# [What you have to do]
Exactly reproduce the lines from the line bearing "Gumihal Delphin KARMA UVs / 5db | 8cm/YETI" through the end of the listing, inclusive of both; pictures are to be omitted.

◆ ◆ ◆ ◆ ◆ ◆ ◆

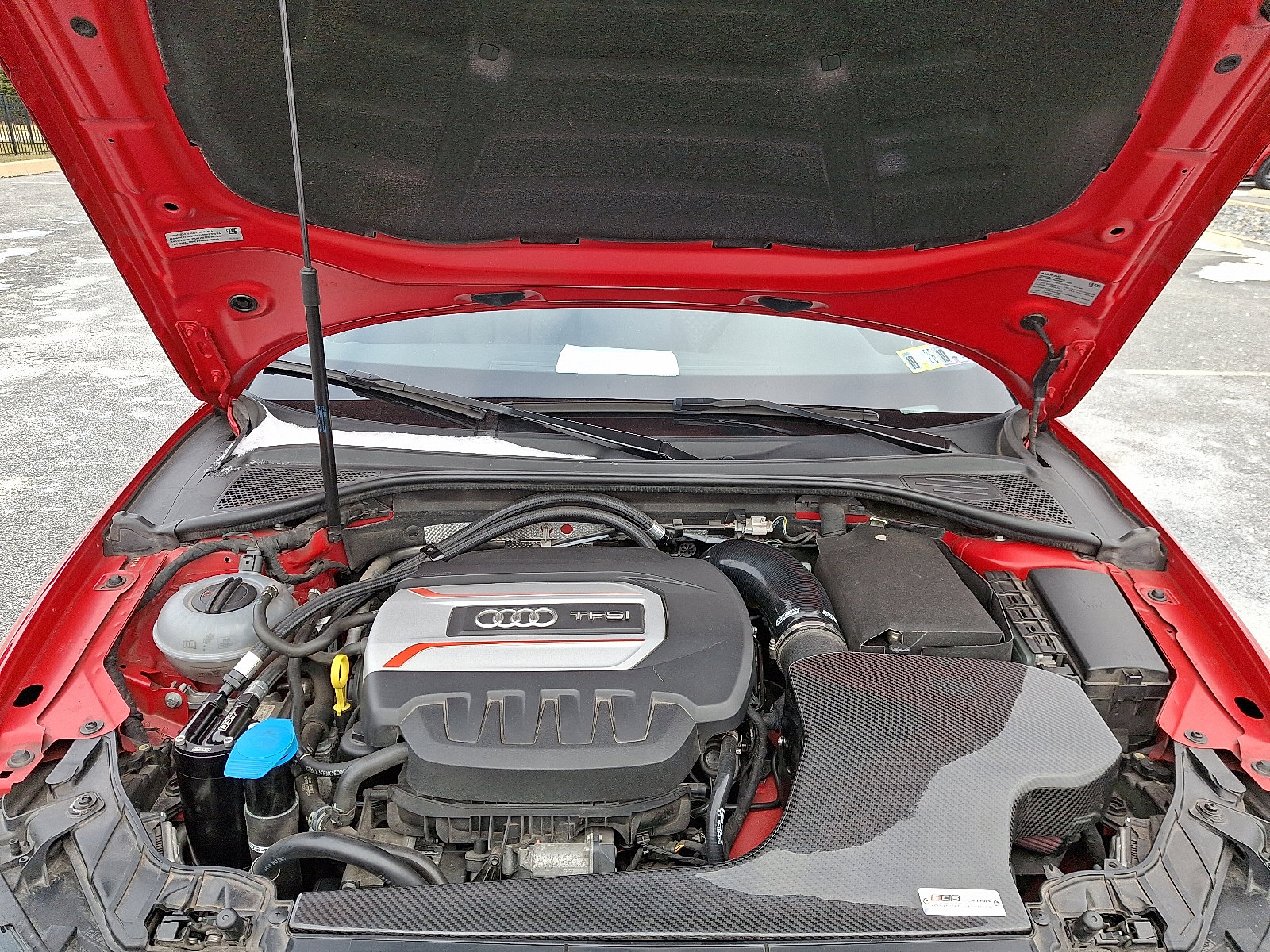 Used 2017 Audi S3 Premium Plus w/ Technology Package image 27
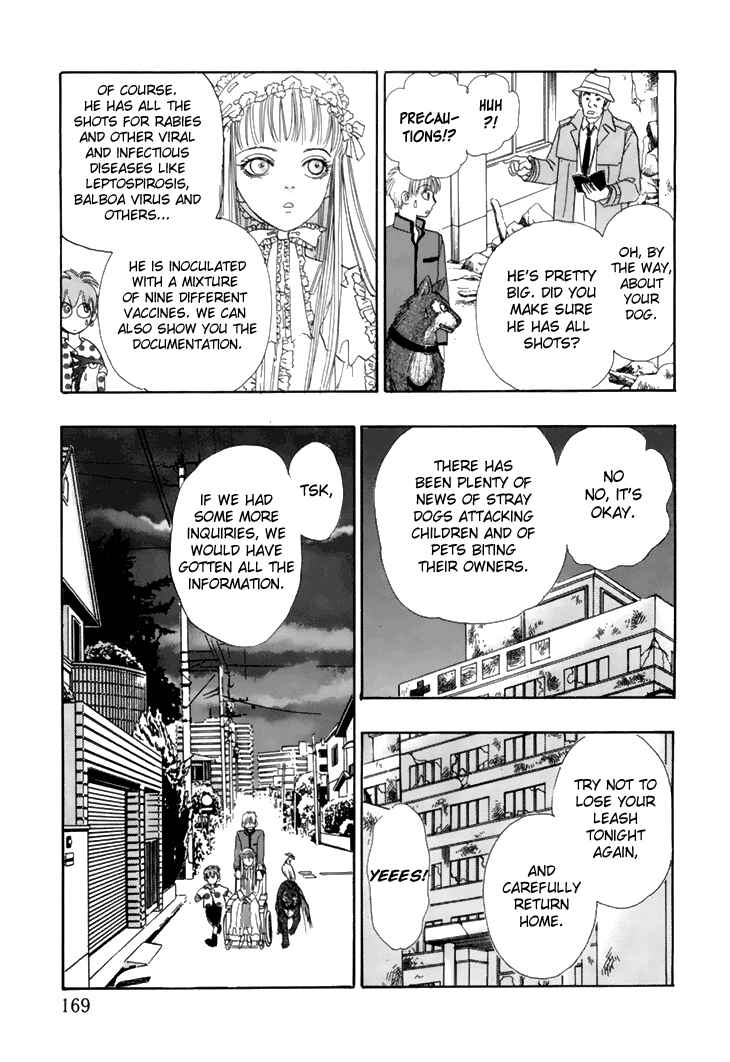 Page 10 Chapter 39 Constellation of the Imaginary Beast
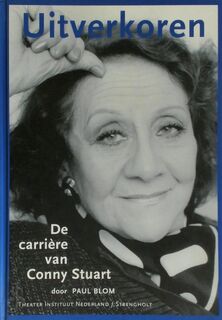 Uitverkoren - Paul Blom (ISBN 9789058600660)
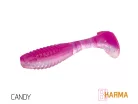 Gumihal Delphin KARMA UVs / 5db | 8cm/YETI
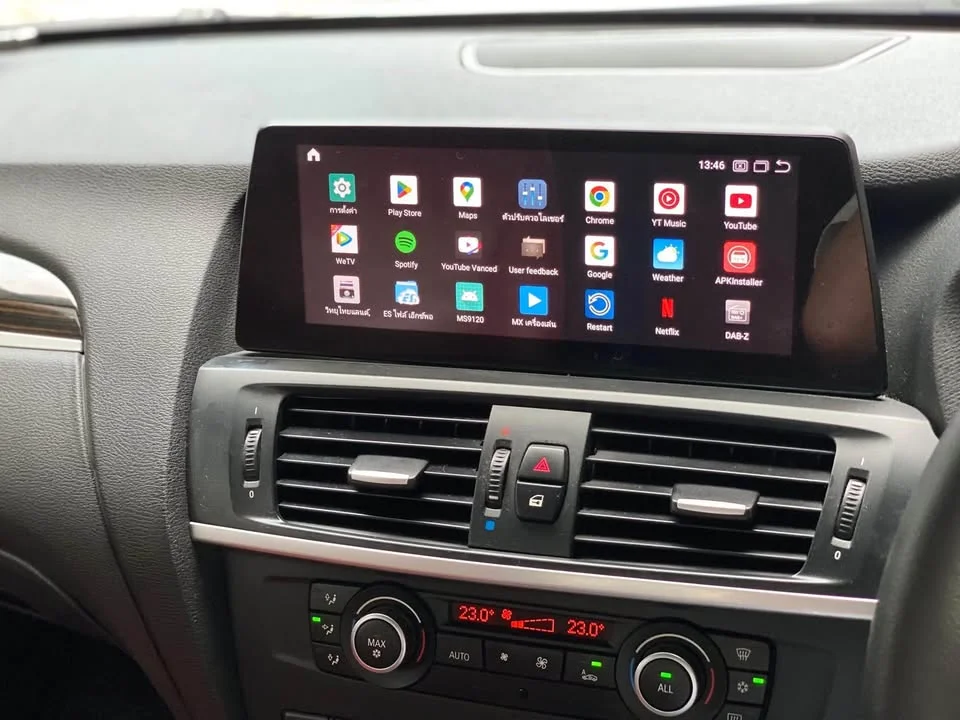 2012 BMW X3 F25 2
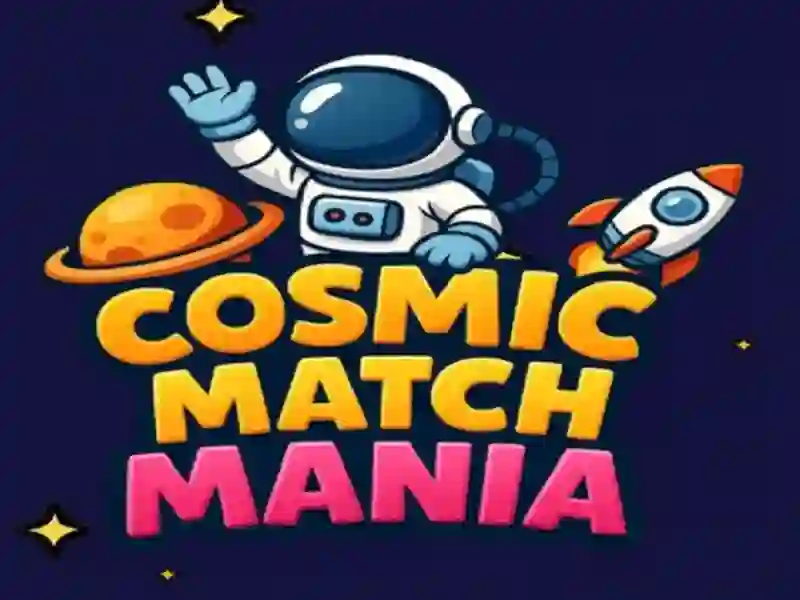 Laro Cosmic Match Mania online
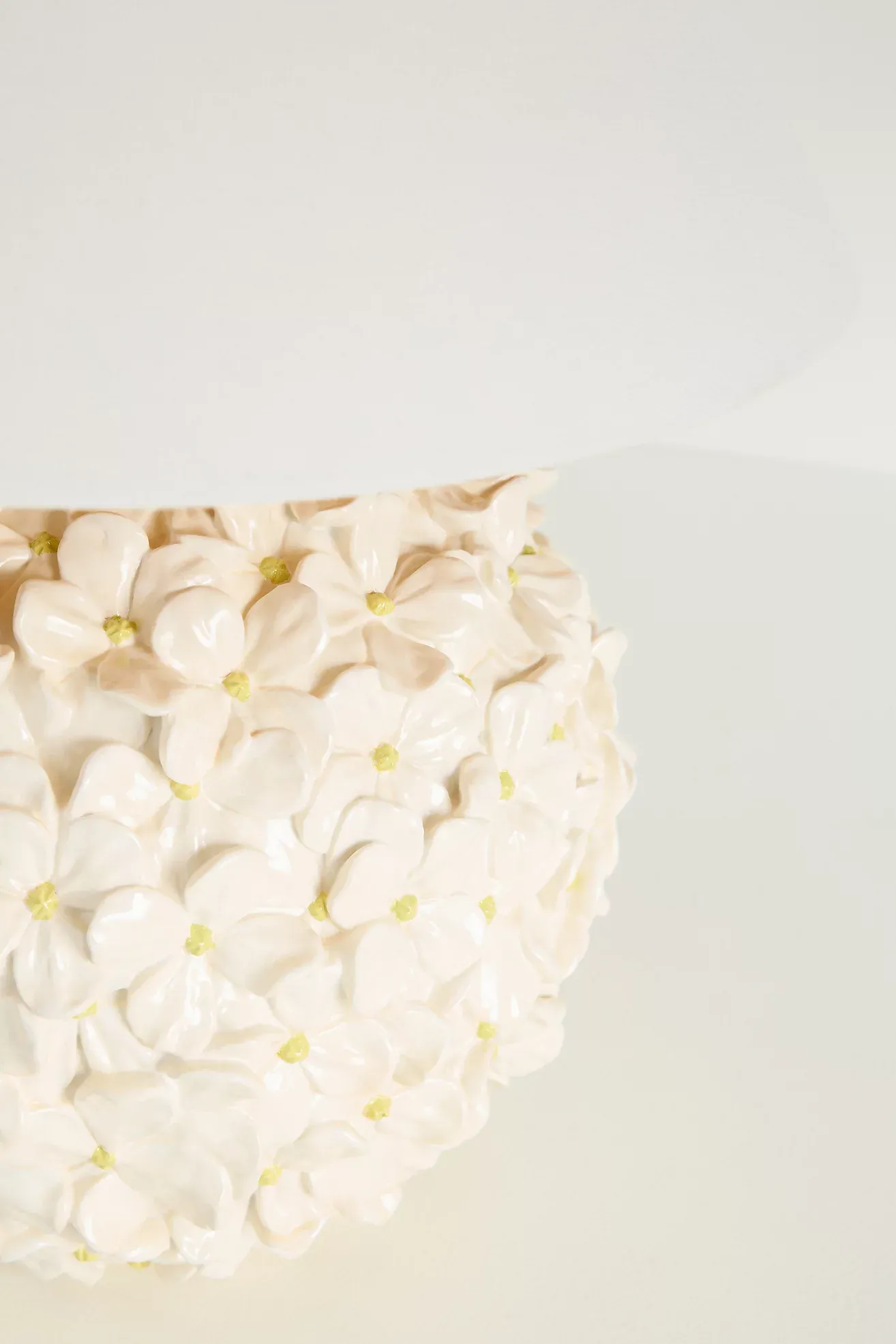 Aster Hydrangea Table Lamp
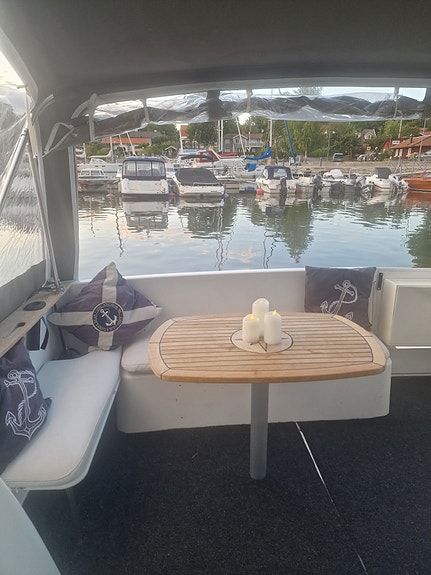 Jeanneau Merry Fisher 925 Fly (ev mindre motorbåt max ca 23 fot i inbyte) 7 of 14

◆ ◆ ◆ ◆ ◆ ◆ ◆

# [Exercise output]
 Gumihal Delphin KARMA UVs / 5db | 8cm/YETI
 2012 BMW X3 F25 2
 Laro Cosmic Match Mania online
 Aster Hydrangea Table Lamp
 Jeanneau Merry Fisher 925 Fly (ev mindre motorbåt max ca 23 fot i inbyte) 7 of 14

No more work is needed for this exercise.